Tanya: Cos, I don’t know, I got married at twenty-one so um, we bought our first house in Hiraeth, when we were in our twenties so um, just wanted to stay close to my parents and stuff, it just seemed [LF: mm] why, you know, *laughs* nowhere else seemed any better so we may as well stay here hadn’t we? *laughs* [LF: *laughs*] yeah and my grandparents live in Hiraeth as well so [LF: so you’ve got a lot of family nearby] yeah, yeah, yeah, both sets of grandparents live in Hiraeth, and my parents, so [LF: oh everyone’s here *laughs*] so yeah, and I used to work in Sainsbury’s on Cambrian Avenue so [LF: yeah] so, it was close by and then my husband got a job in um the [local] hospital, so again it’s easy [LF: yeah] so yeah, we just stayed *laughs* and then we had um, my eldest when I, was twenty-three, so obviously then he started at Hiraeth as well so [LF: mm], once you’re here, you’re here aren’t you? *laughs* stay near the babysitters once you have children! *laughs*

There is a sense of fixedness in Tanya’s narrative that appears to stem from her limited experience of living anywhere else (MacDonald et al 2005; Jeffery 2018) for instance, “nowhere else seemed any better so we may as well stay here hadn’t we?”, whilst also suggesting a lack of agency in her decision to stay in Hiraeth, “once you’re here, you’re here aren’t you?”. The narrative shows the ongoing, unresolved negotiation of discursive identity work (Taylor 2010)
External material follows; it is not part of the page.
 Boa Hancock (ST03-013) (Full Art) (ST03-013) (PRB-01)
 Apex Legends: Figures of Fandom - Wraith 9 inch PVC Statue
as contradictory to this, Tanya also suggests that she has chosen to stay because “both sets of grandparents live in Hiraeth, and my parents” and jokes about staying near the babysitters once you have children. Again, this demonstrates the practical importance of having family close-by to assist with childcare whilst also strengthening the relationship to home (Barker 1972). Familial proximity and keeping close therefore provided both a practical and a sentimental value, as Hiraeth residents expressed how important it is to them to have their family living nearby. Often this spanned three generations of the family all living in close proximity, if not in the same home as each other. Families discussed the importance of generational traditions and of having strong social bonds with neighbours, and this is explored next.